This road between La Paz and Arica (for peladoboton, this is the same road as you mentioned) was paved in the mid-90ies, but doesn't reach 5030m. The highest point is about 4500m, as alrady mentioned by Baarb.
I have one map that shows it at 5030 meters and one map that shows it as 5000 meters at Paso Tambo Quemado, but maps in that part of the world can't be taken at face value (which is why I always post the words "supposedly" when talking about elevations!).
Anyway, a google search says 4680 meters.http://www.thisischile.cl/Map.aspx?id=1 ... bo-quemado
The probem with maps in parts of the Andes or Asia is that elevations on maps seem to run all over the place. This seems to be true in most of the Andes exluding Ecuador which they stay somewhat consistant (elevations do vary, but usually not by much).
Some of the Argentina maps show the same border peaks several hundred meters higher than the Chili maps do!
The GPS is a good idea, though even that isn't 100% accurate. Probably the best source though.

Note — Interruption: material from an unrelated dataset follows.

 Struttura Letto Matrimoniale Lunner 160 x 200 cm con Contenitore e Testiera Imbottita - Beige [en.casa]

Anyway, when we climbed Tolima in Colombia, our highway map showed the peak at 5620 meters (18,438 feet), our regional map and map in one climbing guide showed the peak at 5215 meters (17,110 feet) and the topo map and John Biggar's book list the peak at 5274 meters (17,303 meters). We actually got 5365 meters (17,600 feet) on the GPS.

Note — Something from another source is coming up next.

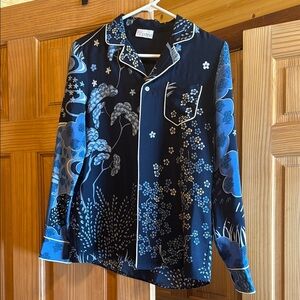 Red Valentino Blue Floral Silk Pajama Top Blouse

The same inconsistancy is true for that part of Asia, though the highest peaks have somewhat consistant elevations. Elevations in the sections outside the British (and other) surveys seem to be all over the place as well.

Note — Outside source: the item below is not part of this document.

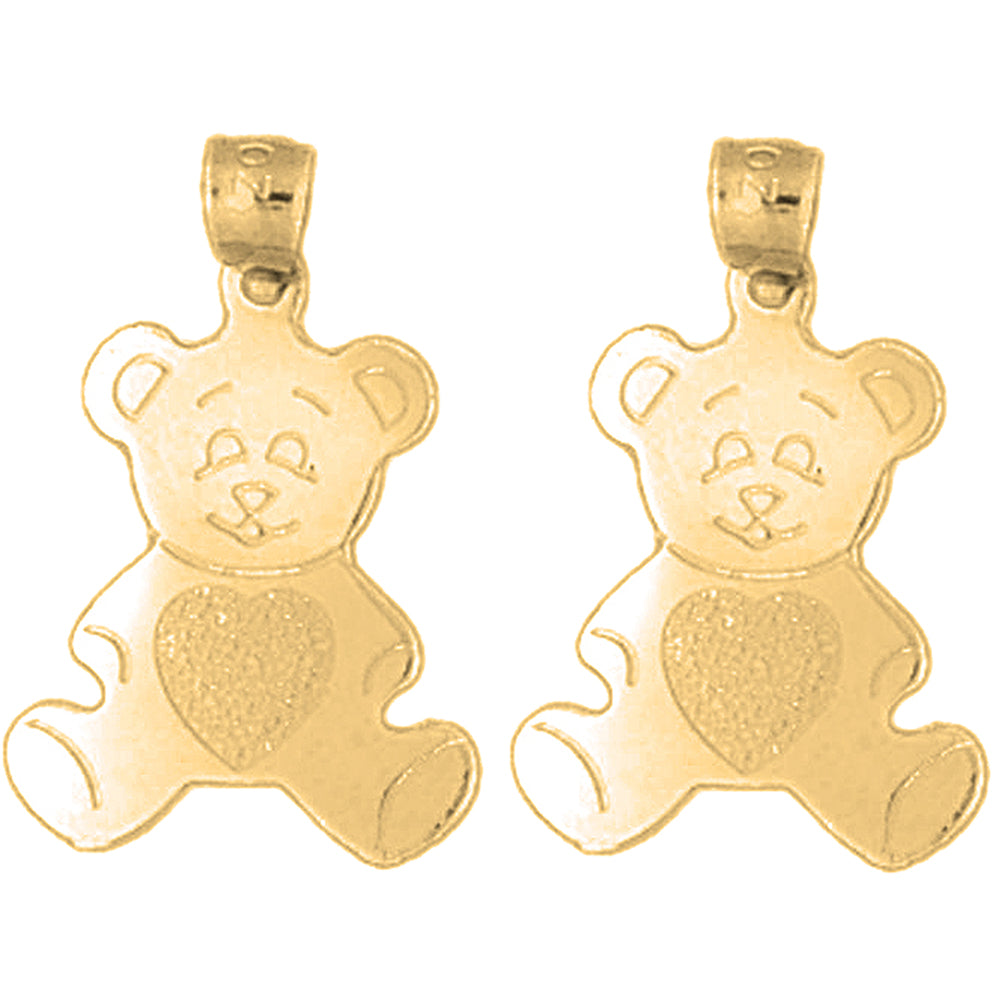 14K or 18K Gold 22mm Teddy Bear Earrings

Supposedly, the new main road between Adagua Peru and Arequipa reaches 5500 meters (18,000+ feet) east of Coropuna, but the road isn't on any maps, so this is hard to verify and looking at the map, personally I am somewhat skeptical.
I'm also very skeptical...
If anyone does find out the true elevation of the road, I'd be interested to add the information to my SP page:http://www.summitpost.org/mountain/rock ... erani.html
I didn't bring a GPS with me. 5500 meters is probably not correct. The old road on the west side of Coropuna reached to about 4800 meters.
Aucanquilcha is in Chile, not Bolivia. Bolivia also used to have a very high mining road close to 6000m on Cerro Uturuncu (6008m), reaching the upper slope of the vulcano to an old sulphur mine. However, this road is out of use since the 90ies.
Right you are. Aucanquilcha is just inside the border.
Any idea how high the road is on Ojos? One book I have says you can drive to just above the Refugio Tejos which is at 5735 meters, but that definately isn't a highway. I haven't been there myself.